À medida que vou vivendo novas e degradantes experiências, nesta aventura que de bom grado dispensava viver, espero que dela perdure apenas as lembrança do apoio da família - completamente desnorteada, a simpatia e cuidado do pessoal auxiliar e de enfermagem assim como a sorte de ter encontrado um vizinho de desgraça, que melhor não podia ter imaginado – para além de me distrair, orientar, animar e mimar com pequenos gestos, foi cruxial para eu manter a cabeça no sítio. Muito obrigado. Que as tuas dores desapareçam rápido e que recuperes a 100% a mobilidade. Já tenho saudades do respirar nocturno que rompia com o silêncio do quarto!

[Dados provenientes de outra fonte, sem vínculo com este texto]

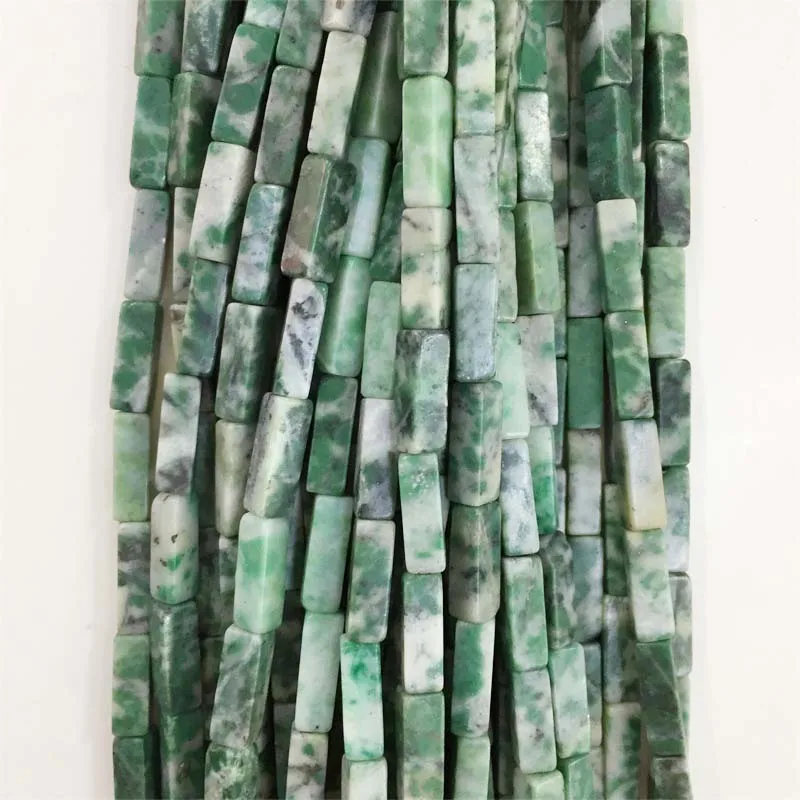 4*13MM Rectangle Natural Minerals Stone China Qinghai Emerald Beads for Jewelry Making DIY Bracelet Necklace Spacer Gemstone
4*13MM Rectangle Natural Minerals Stone China Qinghai Emerald Beads for Jewelry Making DIY Bracelet Necklace Spacer Gemstone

E aos meus amigos, que vocês sabem bem quem são, muito obrigado e muitos beijos coxos!
3 Setembro 06

UMA CHAPA E TRÊS PARAFUSOS

Paredes sujas, reboco cheio de humidade, plásticos industriais, instalações bolorentas fazem o cenário grotesco de uma festa de presença obrigatória, sem convite nem pré-aviso. A espera longa e enervante no abandono dos corredores em mutação. A luz pisca e tremelica, penso que descobri a musa inspiradora dos melhores argumentos de terror hospitalar. Aos poucos, o mau torna-se menos mau, traço, sem grandes certezas, um plano mental. Em vão, porém, com o resultado de um raio-x, tudo se desmorona numa frase. Luxação, fractura, que tal uma tri? Um azar nunca vem só e uma operação também não. Temporariamente no sítio, aguardo exasperando por mais de hora e meia por uma transferência que tarda em se concretizar.A antecipação de uma segunda etapa, num rol de etapas sem fim, nesta viagem sem aviso, nem inscrição e sem final agendado. Só sei, tudo o que não vou poder fazer. Nada sei sobre aquilo que tenho ou que posso fazer e neste momento, tudo parece impossível. Vejo as luzes da cidade passarem ao lado, insensíveis à confusão que vivo. Novo corredor, nova maca, nova espera. Vejo-os passar para falar sobre mim. Parecem alienados ao facto de não me poder mover, de não poder sair daquele corredor. Vejo-os voltar com ar assustado, transtornados, mais nervosos que nunca. O veredíto é o internamento, vais ser operada. Vão-te tirar os pertences. Fico um segundo a pensar e ligo, à pressa, para avisar a notícia. De repente vejo-me de novo na sala de raio-x e aguardam que desligue o telemóvel. Pedem-me para tirar tudo naquele corredor. Ponho toda a roupa, os acessórios que já nem me lembro que uso e tudo o que faz parte de mim naquele saco e espero pelo dia que mo voltem a entregar. Sou levada para uma sala escura, injectam-me um cateter e mais um extra para relaxar “vamos tentar dormir”. Fico de olhos abertos a fixar o tecto, tentando acordar de um pesadelo que numa fracção de segundo, me tirou uma das coisas que mais prezo. O mais insignificante gesto necessita de auxílio de terceiros. Durmo 2 horas e vejo que tudo não passa da mais cruel realidade.